Scottish Art Specialists Alice Strang and Chantal de Prez viewing the forthcoming auction. Credit: Stewart Attwood
Scottish Art Specialists Alice Strang and Chantal de Prez viewing the forthcoming auction. Credit: Stewart Attwood

Women artists take centre stage at Lyon & Turnbull’s flagship winter sale

The work of women artists took centre stage at fine art auctioneers Lyon & Turnbull’s flagship winter Scottish painting sale this year. 

A rare painting by Anne Estelle Rice, whose work became eclipsed during her lifetime by former partner, the Scottish Colourist John Duncan Fergusson, sold for £112,700. 

Rice’s A Bowl of Fruit had been estimated to fetch between £30,000 and £50,00.

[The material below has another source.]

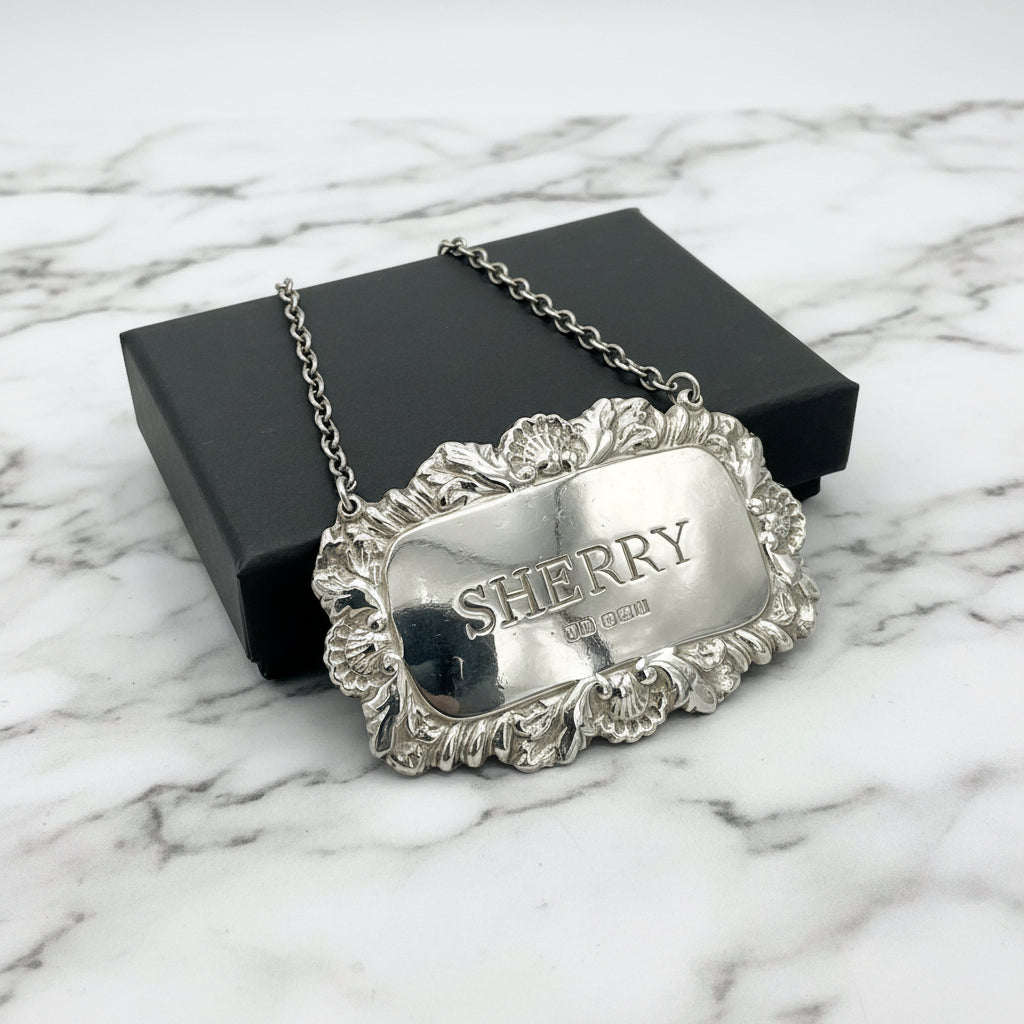 A shiny Sherry decanter label in front of a black presentation box on a marble background.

The work was created by Rice in 1911 during a key period when she and Fergusson were living in Paris and were steeped first hand in Post-Impressionism and the latest developments in French art. 

ANNE ESTELLE RICE (AMERICAN 1877-1959) – A BOWL OF FRUIT – LYON & TURNBULL

This included the works of the Fauves (tr: Wild Beasts), such as Henri Matisse and André Derain. 

Lyon & Turnbull’s Alice Strang described it as a ‘a highly confident, sensually charged and boldly coloured image of female empowerment, which re-casts some of Paul Gauguin’s interests from a female perspective.’

Other highlights of the sale, the overall total of which was £1.43million, included a work by revered Anglo-Scottish artist Joan Eardley.

The pastel drawing, Girl in Striped Jersey, exceeded its £15,000-£20,000 estimate to sell for £30,200, pointing to increasing demand for the work of Eardley.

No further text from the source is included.